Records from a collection
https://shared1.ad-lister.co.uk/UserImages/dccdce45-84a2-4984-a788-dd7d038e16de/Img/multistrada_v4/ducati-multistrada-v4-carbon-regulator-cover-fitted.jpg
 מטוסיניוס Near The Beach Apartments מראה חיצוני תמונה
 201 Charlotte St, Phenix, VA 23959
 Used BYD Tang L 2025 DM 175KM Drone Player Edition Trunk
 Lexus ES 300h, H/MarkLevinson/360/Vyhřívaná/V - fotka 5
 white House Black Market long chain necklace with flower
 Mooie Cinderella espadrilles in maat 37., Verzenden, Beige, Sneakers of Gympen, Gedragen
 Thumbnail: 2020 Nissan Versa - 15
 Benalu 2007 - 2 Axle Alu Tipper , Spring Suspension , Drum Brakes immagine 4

## WHAT THE EXERCISE ASKS
Quote only the stretch of lines that starts the data above and ends with the line containing "white House Black", both included.

## TASK OUTPUT
https://shared1.ad-lister.co.uk/UserImages/dccdce45-84a2-4984-a788-dd7d038e16de/Img/multistrada_v4/ducati-multistrada-v4-carbon-regulator-cover-fitted.jpg
 מטוסיניוס Near The Beach Apartments מראה חיצוני תמונה
 201 Charlotte St, Phenix, VA 23959
 Used BYD Tang L 2025 DM 175KM Drone Player Edition Trunk
 Lexus ES 300h, H/MarkLevinson/360/Vyhřívaná/V - fotka 5
 white House Black Market long chain necklace with flower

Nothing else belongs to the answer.